Problem details: The entries below should be given again exactly, minus their pictures.

Data for review:

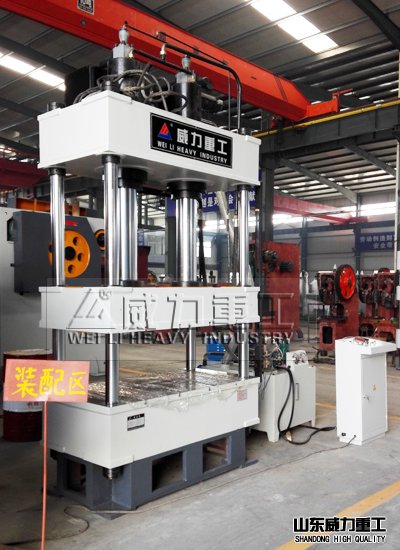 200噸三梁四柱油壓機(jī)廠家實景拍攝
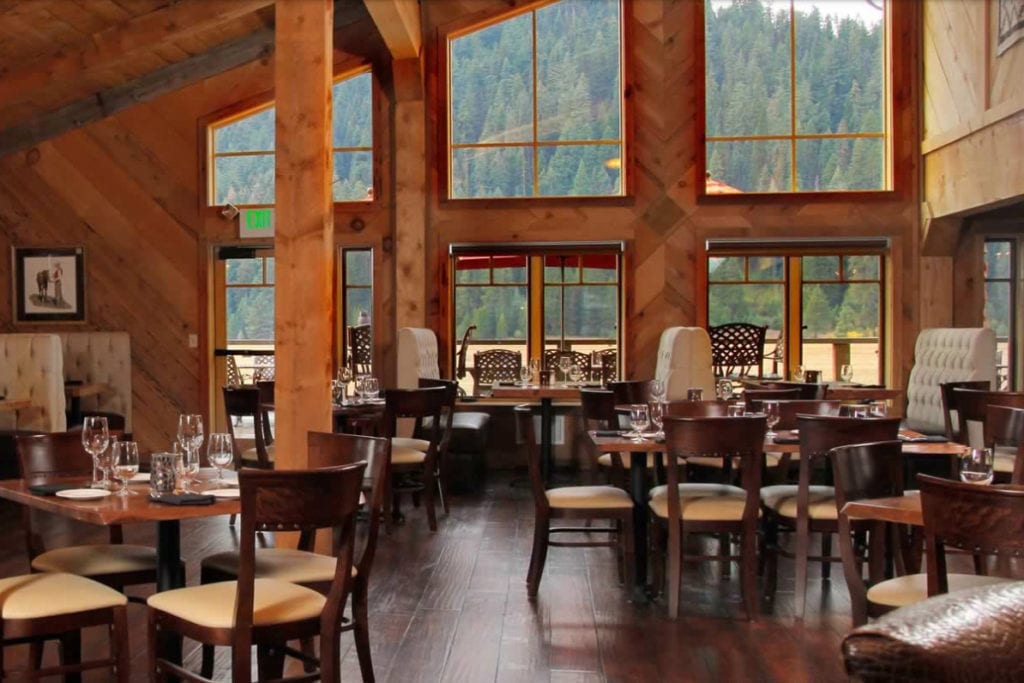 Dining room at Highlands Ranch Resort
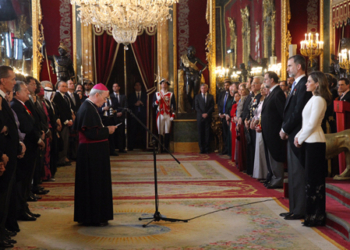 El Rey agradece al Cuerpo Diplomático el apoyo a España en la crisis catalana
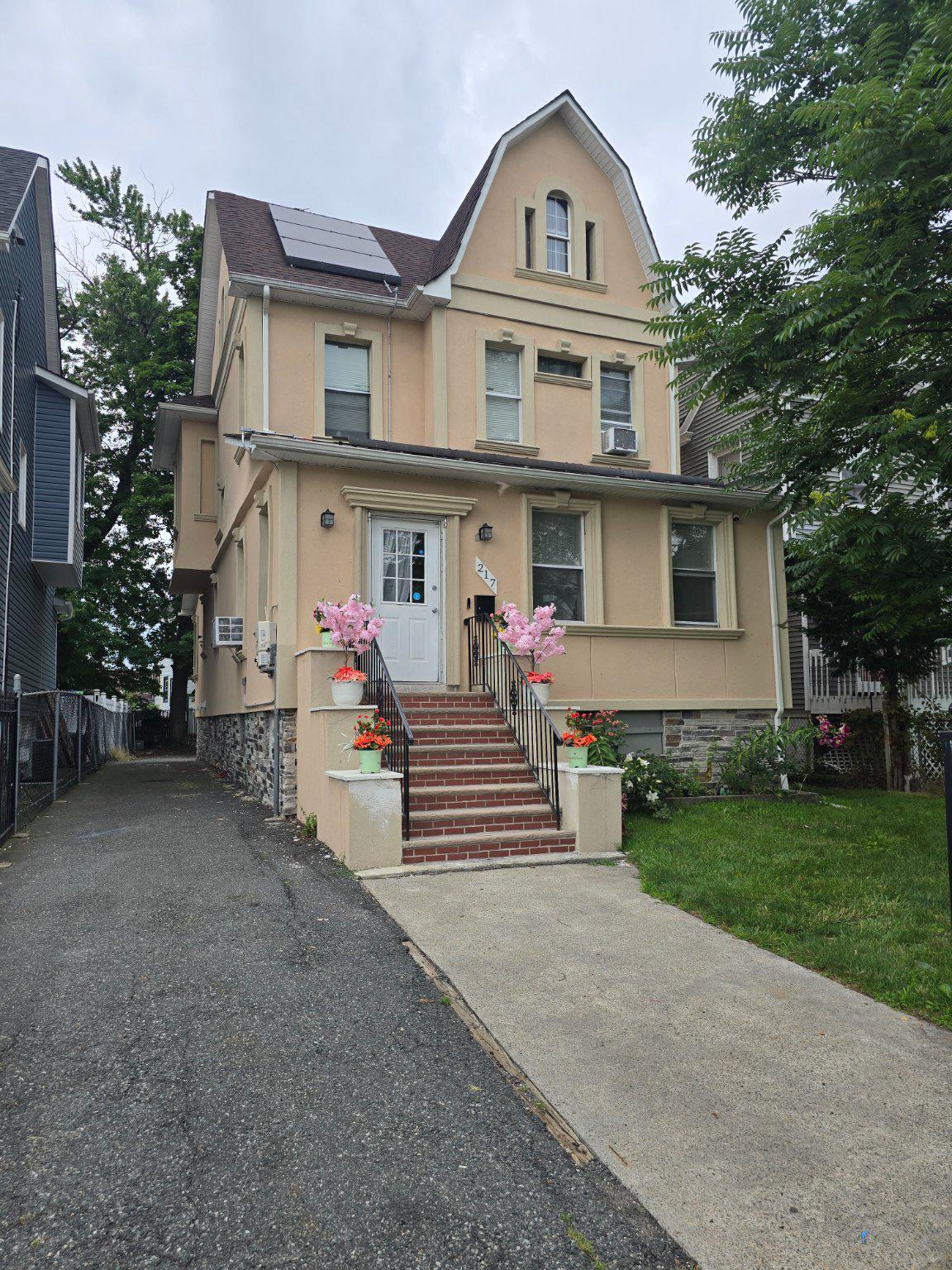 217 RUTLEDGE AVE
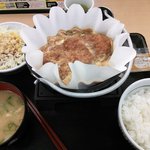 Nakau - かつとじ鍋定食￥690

Result of the task:
 200噸三梁四柱油壓機(jī)廠家實景拍攝
 Dining room at Highlands Ranch Resort
 El Rey agradece al Cuerpo Diplomático el apoyo a España en la crisis catalana
 217 RUTLEDGE AVE
 Nakau - かつとじ鍋定食￥690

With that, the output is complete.